At its last meeting, the board of trustees approved the initiation of a project to build a two-building academic and laboratory complex to replace Allison and Parker Halls.
The buildings will be called the academic classroom and laboratory complex (ACLC) and will serve as a part of the University's master plan to enhance student success.
According to University architect, Jim Carroll, the ACLC, along with the soon-to-come Mell Classroom Building will help increase student engagement on campus.
"The reason we are adding these spaces is to increase the opportunity for student success," Carroll said. "This project is transformative for Auburn University."
The two-building complex will house classrooms and laboratories for The College of Sciences and Mathematics," Carroll said.
Facilities management underwent studies to determine what buildings on campus required the most maintenance and operation, and that was Allison and Parker Halls, according to Dan King, associate vice president for facilities.
"(Allison and Parker) are in serious disrepair," King said. "The new buildings that would go on that site can provide capabilities far in excess of what Parker and Allison can currently provide the university."
According to former SGA president Logan Powell, the complex would house classrooms, laboratories and team-based learning spaces. Powell said the university will incorporate interactive learning styles, such as easel learning.
"Easel style is where you sit down at a round table with interactive maps and televisions," Powell said. "It allows visually interactive learning and I think COSAM students really desire that and want to see that from the campus."
Carroll said this type of learning could change the landscape of how Auburn students learn.
"We wanted to reach out to the college sand schools and see if they were able to rethink their classroom strategies and to see if they could utilize more problem based and engaged learning," Carrol said.

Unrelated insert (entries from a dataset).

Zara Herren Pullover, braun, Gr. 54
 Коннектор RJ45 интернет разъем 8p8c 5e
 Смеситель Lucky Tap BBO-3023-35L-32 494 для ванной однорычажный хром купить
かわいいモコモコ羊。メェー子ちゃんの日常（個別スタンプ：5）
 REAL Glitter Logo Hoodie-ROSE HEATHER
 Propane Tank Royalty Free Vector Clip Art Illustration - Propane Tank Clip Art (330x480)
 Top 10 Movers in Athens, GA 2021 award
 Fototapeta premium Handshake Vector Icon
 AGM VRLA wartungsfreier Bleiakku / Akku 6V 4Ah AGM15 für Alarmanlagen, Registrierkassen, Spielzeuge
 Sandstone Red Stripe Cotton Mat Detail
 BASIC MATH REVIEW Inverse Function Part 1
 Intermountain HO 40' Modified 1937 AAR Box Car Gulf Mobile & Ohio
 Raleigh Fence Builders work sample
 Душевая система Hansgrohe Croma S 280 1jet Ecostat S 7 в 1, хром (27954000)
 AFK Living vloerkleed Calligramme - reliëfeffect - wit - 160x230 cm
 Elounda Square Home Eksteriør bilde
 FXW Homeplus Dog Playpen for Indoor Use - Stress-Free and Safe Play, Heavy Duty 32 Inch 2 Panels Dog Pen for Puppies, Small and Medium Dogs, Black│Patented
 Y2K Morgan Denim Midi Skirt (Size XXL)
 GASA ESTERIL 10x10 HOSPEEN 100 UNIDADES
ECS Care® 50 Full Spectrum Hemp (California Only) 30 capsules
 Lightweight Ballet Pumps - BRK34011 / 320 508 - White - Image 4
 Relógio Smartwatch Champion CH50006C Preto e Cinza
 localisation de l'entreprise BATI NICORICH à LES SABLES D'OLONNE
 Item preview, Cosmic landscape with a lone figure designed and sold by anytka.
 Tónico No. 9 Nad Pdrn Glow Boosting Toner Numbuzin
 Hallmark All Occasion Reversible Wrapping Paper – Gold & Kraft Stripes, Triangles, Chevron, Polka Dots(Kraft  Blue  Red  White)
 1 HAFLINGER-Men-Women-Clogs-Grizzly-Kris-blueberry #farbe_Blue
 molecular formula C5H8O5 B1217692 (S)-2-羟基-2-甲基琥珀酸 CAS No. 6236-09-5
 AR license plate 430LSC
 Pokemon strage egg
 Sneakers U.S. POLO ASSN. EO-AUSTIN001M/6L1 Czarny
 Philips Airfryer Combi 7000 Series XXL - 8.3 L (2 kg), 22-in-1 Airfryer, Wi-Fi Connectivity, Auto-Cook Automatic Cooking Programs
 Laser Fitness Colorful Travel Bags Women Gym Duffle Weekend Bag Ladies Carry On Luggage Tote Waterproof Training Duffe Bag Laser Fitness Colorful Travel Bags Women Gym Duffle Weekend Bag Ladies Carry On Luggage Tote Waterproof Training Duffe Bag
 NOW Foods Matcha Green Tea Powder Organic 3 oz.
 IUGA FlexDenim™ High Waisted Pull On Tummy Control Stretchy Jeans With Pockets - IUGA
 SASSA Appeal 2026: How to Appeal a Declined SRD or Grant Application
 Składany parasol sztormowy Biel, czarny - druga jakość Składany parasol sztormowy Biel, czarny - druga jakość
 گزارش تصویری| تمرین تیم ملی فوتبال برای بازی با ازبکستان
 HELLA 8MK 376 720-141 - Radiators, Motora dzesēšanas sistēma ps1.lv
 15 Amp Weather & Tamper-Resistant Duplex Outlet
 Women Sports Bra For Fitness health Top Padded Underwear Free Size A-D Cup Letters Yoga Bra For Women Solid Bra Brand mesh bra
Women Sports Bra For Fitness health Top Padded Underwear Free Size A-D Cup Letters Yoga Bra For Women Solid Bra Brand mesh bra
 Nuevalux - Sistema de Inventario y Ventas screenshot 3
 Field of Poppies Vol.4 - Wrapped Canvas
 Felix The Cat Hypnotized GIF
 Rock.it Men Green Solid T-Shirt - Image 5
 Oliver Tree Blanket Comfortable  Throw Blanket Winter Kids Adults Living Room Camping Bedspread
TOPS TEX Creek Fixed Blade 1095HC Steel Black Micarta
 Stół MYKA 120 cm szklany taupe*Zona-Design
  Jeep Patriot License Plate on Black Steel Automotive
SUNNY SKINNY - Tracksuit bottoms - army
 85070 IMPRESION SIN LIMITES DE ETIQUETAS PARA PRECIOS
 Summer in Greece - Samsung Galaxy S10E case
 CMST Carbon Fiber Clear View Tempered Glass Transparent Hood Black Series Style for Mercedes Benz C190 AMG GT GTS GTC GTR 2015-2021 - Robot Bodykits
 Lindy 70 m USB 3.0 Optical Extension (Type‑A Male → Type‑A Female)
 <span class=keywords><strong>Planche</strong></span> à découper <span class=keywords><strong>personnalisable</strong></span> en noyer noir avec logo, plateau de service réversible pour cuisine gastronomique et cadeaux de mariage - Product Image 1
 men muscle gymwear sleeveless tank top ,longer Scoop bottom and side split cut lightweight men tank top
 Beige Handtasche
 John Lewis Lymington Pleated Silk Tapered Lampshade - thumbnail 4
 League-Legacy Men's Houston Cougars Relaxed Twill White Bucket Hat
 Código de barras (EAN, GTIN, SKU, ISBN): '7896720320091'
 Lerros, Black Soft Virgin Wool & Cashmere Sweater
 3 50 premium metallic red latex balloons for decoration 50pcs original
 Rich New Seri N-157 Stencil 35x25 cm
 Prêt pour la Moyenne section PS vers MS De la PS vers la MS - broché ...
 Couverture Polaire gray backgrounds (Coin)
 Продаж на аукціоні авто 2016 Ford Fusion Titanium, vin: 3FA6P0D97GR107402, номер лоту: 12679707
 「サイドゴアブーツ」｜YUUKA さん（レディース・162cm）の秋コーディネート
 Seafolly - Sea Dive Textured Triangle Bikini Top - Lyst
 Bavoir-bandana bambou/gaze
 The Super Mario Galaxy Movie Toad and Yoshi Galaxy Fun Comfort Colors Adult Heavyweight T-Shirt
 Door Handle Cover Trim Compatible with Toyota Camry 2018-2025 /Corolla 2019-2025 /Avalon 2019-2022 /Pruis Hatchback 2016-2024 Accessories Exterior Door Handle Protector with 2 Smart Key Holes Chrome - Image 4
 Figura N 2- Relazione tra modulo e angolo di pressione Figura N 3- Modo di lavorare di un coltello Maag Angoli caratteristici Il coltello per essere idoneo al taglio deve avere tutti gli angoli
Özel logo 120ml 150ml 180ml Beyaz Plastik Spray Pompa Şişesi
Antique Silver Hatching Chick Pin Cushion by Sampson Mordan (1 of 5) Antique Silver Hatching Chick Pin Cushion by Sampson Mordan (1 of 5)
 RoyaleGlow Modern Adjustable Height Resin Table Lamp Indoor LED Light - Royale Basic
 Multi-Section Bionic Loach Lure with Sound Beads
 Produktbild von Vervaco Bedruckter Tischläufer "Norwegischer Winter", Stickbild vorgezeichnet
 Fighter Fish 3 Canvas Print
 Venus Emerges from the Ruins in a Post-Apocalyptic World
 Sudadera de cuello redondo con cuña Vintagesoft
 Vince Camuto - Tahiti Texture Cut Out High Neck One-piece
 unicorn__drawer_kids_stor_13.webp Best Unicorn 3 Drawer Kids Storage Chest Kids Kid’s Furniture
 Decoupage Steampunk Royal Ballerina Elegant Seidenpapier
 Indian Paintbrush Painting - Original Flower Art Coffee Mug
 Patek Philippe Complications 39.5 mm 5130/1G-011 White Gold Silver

The university is currently going through the selection process for a designer and a construction manager by interviewing potential firms.
"We are excited to the next phase of work," Carroll said. "We look forward to get our designers and out construction managers on board and make this project a reality for Auburn."
A date has currently not been selected for demolition but the classrooms are planned to be ready for use by fall 2018.
"This is something that students can really benefit from," King said. "It will bring great things to this university."